As for salt....I know it is controversial, but I have had markedly better luck with fish life span since I started adding it, so I maintain it. 

Thanks for your thoughts.


----------



## WhiteGloveAquatics

Robin, try kensfish.com

they are 10x cheaper for 10x more food and have them in 1/2 pound bags. I have a variety in the same tank and was shorting the vegans of the tank, got what I needed for the types of food the fish truly need and mixed em when I got them. for under 10 bucks you can have a pound of different flake instead of 10 bucks for a few ounces.


My angels spawn when the water is at or around 75. and I am there with you on the salt.


----------



## secuono

I keep my Platy in strictly freshwater and they do perfect, food for tropical fish mixed with livebearer food and a few algae wafer bits every now and then, 20+ fish, temps 83F, 55g, tons of plants. 
Maybe it's something to do with the change from freshwater from the store to salt in your tank. I only clean the sand maybe once a month, no need to do it any sooner.
I have dreadful luck with Guppies & Molly fish tend to get an unusual/unknown illness several months later and pass no matter what I do.


----------



## japan4racing

i have 5 platys in my 38g, 3 of which i have had since they were fry. my pH IS 7.2-7.4-ish tank stays at 76-77 degrees. the 2 males i have have only been here 2 or 3 weeks. the other 3 females have been here 3 or 4 months. i dont really do much for them..the tank kinda runs itself.....i check ph regularly and nitrites regularly...everything stays in check...im new to this and dont know much but of all the fish i have had in the past 9-10 months the platy's have the most successful. i had alot of cycle issues but im sure you dont have that since you have had the tank for so long. what are you using ot test your water with? im sure you know but just in case..those test strips are worthless. just figured i would ask becuase if you are using test strips your problem may be right there in front of you.


----------



## Sweet Tee

Yeah, I used to use those test strips, but for my new 20 gallon, I bought the API Master Test Kit for it. I LOVE it. Very accurate, easy to use. Makes your water checking like a mini chem lab *pc


----------



## RobinA

WhiteDevil said:


> Robin, try kensfish.com
> 
> they are 10x cheaper for 10x more food and have them in 1/2 pound bags. I have a variety in the same tank and was shorting the vegans of the tank, got what I needed for the types of food the fish truly need and mixed em when I got them. for under 10 bucks you can have a pound of different flake instead of 10 bucks for a few ounces.
> 
> 
> My angels spawn when the water is at or around 75. and I am there with you on the salt.

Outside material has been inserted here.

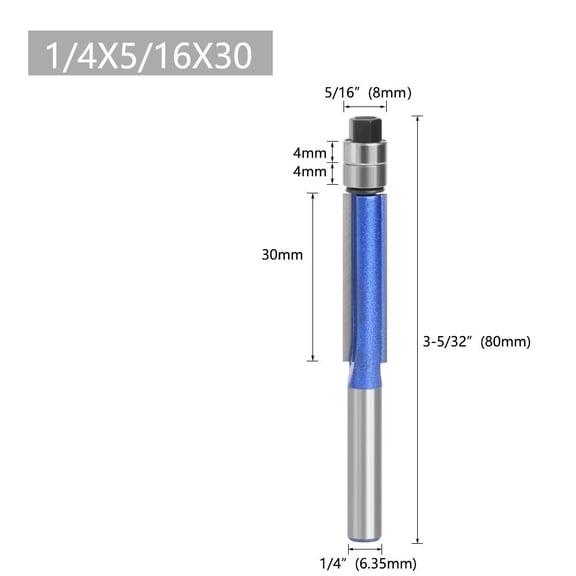 1/4 Shank Trim Router Bit with Bearing for Wood Template Milling, YG6 Carbide Tip Flush Cut Pattern for Laminates Plywood Hardwoods Softwoods Composites Plastics Non-Ferrous Metals(6.35x8)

Thanks for the info on food. I will take a look.


----------



## missmanatee

hey!
i have had platties for about a year and they are very hardy for me. i keep them at a temp. of about 75-80 and a pH about 6.5. i have had no problems with the fish except for clouding and i don't do that much maitnece. so i would say if you want to change your pH you can try to use distilled water. i tried those chemical things and they would bring down the pH down for like 3 hours and then it would go back up. so what i recomend is using distilled water. it has a naturally low pH around 7 but i think the one that i buy is lower. but all i do is treat it and mix it in with the tap water untill it is balanced out at the right pH. it works wonders and you just have to add a little more in every time you do a water change. hope this helps!:animated_fish_swimm


----------



## jrman83

I have no problem with Platies and I use aquarium salt. I have subjected them to 3 times the recommended amount for periods of time and still they go on. My tap ph is 8.2 and although I now mix 50/50 RO that brings it down a little, when it was higher they still had no problem.

I would ask if you are acclimating the fish to your tank before you put them in there?


----------